#### INFORMATION ####
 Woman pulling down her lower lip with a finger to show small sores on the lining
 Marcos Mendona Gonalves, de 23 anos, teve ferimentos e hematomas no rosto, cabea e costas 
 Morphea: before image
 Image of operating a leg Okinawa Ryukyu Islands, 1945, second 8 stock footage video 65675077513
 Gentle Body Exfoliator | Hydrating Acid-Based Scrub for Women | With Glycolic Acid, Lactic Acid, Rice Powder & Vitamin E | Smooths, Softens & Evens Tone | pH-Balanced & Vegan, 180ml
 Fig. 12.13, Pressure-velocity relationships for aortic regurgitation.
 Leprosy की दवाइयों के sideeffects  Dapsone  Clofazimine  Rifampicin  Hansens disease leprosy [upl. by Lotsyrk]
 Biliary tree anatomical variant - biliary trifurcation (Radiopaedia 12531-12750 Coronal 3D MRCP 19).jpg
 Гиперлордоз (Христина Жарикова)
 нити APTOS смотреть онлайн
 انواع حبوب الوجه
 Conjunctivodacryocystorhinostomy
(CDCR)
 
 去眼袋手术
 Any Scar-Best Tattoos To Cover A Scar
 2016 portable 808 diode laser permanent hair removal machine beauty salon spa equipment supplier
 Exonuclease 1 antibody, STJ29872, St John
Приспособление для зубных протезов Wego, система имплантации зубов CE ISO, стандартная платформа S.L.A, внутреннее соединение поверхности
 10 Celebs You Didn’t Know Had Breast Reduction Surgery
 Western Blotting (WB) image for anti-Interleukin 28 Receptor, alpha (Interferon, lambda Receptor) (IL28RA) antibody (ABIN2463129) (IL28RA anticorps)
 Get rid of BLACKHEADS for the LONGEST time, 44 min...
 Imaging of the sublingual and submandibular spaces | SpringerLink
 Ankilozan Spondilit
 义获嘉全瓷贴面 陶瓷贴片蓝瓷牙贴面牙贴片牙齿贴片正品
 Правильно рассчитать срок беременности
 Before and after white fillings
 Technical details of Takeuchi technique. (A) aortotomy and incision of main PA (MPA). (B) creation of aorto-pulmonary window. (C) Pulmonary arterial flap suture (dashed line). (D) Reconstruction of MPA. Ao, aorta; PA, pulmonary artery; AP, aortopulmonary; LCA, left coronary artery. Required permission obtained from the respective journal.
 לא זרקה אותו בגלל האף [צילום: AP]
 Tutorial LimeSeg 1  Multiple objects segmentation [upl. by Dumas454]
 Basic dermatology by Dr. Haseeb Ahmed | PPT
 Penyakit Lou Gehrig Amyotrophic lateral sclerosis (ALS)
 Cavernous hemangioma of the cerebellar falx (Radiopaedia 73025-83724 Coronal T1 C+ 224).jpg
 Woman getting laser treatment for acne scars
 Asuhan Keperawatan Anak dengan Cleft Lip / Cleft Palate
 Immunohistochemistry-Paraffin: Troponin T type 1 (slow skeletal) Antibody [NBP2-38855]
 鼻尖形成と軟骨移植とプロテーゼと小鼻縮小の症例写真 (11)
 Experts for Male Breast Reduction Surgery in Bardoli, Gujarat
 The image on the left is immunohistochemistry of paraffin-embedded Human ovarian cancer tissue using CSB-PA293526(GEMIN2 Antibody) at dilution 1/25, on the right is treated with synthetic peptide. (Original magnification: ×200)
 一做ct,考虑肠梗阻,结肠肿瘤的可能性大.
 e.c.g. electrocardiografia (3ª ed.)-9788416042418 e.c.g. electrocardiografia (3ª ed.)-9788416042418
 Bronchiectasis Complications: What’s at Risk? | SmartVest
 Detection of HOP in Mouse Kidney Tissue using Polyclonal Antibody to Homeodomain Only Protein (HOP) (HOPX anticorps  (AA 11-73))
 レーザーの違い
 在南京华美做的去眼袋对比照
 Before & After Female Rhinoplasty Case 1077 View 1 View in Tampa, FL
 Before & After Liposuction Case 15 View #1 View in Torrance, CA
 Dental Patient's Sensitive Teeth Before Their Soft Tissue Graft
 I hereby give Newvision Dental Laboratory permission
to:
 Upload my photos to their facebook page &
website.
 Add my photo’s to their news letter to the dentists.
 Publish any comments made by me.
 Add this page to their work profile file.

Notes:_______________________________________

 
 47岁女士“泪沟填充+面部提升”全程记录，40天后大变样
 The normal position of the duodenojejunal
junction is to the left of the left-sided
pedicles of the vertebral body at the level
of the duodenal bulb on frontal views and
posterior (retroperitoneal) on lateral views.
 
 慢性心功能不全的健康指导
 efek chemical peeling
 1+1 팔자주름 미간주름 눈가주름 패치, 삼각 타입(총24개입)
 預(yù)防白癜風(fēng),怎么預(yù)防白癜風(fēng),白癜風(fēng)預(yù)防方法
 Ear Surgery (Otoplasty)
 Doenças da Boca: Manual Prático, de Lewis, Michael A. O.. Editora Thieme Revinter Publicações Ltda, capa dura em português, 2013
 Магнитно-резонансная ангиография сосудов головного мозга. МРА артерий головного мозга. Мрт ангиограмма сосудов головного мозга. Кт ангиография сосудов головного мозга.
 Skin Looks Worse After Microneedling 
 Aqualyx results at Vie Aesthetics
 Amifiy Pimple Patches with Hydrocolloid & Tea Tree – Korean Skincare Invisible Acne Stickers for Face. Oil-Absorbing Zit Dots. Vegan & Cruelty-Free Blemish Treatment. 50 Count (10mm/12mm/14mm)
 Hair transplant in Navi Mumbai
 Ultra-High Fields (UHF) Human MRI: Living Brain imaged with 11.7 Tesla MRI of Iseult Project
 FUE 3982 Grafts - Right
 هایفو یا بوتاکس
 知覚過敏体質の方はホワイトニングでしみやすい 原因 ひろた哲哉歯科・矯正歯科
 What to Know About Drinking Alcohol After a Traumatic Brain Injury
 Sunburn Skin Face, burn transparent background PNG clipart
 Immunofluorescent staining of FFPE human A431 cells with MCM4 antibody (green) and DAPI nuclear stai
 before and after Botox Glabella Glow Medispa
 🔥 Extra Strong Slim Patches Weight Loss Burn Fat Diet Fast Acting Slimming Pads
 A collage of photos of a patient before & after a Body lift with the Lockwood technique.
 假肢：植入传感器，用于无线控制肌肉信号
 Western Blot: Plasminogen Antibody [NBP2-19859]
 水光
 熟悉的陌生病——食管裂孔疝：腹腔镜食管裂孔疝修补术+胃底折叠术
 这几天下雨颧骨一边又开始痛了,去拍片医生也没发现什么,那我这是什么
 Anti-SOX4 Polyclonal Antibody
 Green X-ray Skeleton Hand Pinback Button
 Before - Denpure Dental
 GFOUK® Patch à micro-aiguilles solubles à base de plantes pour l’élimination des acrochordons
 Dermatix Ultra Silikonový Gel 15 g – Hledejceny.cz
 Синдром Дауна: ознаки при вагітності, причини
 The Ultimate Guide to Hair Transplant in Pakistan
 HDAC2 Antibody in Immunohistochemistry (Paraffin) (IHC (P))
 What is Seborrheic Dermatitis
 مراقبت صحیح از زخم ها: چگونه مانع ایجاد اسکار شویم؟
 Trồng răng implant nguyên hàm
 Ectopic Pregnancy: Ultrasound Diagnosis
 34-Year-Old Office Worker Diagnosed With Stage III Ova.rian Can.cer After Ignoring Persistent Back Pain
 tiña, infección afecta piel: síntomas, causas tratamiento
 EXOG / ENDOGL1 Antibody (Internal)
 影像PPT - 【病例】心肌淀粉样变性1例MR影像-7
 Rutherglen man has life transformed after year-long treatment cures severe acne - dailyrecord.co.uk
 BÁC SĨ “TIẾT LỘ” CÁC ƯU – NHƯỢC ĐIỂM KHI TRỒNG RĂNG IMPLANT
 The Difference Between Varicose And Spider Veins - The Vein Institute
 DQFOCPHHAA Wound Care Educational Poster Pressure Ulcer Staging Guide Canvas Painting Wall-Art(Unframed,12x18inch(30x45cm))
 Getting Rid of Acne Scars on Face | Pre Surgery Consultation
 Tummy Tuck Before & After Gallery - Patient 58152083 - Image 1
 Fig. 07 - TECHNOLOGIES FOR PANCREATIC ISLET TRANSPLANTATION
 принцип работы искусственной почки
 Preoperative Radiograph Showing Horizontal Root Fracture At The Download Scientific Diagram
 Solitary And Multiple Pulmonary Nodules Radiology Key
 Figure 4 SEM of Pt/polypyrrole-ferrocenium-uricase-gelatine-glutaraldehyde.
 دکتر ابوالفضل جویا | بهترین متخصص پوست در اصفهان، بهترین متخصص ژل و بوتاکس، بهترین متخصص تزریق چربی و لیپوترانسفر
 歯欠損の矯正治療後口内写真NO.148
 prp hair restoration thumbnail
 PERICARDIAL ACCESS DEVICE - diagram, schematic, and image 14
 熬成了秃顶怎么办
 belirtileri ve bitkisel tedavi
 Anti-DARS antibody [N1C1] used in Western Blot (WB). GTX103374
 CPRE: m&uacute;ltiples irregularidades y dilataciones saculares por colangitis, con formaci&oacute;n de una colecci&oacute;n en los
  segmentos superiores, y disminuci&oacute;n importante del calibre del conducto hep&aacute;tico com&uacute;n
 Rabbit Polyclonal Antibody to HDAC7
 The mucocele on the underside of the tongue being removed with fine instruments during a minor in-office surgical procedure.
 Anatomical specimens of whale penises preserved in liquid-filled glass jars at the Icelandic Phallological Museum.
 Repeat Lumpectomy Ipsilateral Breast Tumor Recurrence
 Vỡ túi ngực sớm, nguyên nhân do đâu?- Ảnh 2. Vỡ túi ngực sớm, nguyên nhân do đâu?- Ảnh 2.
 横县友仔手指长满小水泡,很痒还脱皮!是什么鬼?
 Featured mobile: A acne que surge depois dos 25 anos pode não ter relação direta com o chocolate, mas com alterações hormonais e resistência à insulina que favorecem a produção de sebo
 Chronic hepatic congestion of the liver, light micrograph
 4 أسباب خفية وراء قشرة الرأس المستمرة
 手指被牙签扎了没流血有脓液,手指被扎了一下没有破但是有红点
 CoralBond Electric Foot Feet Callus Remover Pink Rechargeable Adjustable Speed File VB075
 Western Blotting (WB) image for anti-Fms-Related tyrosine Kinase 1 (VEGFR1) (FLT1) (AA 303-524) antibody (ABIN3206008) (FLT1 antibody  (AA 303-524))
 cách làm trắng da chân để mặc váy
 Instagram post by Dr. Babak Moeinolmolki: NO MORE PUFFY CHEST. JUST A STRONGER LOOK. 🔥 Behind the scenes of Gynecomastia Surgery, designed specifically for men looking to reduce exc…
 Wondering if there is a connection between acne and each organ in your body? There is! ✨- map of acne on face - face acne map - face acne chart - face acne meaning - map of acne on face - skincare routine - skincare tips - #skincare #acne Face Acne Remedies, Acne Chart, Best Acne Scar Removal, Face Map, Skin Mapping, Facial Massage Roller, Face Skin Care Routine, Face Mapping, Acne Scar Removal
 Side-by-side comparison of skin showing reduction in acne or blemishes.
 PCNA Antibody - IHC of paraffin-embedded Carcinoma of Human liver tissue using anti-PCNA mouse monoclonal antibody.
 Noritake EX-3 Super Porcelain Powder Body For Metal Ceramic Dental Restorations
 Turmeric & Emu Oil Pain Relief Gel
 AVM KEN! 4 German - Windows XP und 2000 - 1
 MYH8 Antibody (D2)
####
WHAT IS REQUIRED
The response must contain every line from the listing above in which the string "using" appears.

OUTPUT OF THE EXERCISE
 The image on the left is immunohistochemistry of paraffin-embedded Human ovarian cancer tissue using CSB-PA293526(GEMIN2 Antibody) at dilution 1/25, on the right is treated with synthetic peptide. (Original magnification: ×200)
 Detection of HOP in Mouse Kidney Tissue using Polyclonal Antibody to Homeodomain Only Protein (HOP) (HOPX anticorps  (AA 11-73))
 PCNA Antibody - IHC of paraffin-embedded Carcinoma of Human liver tissue using anti-PCNA mouse monoclonal antibody.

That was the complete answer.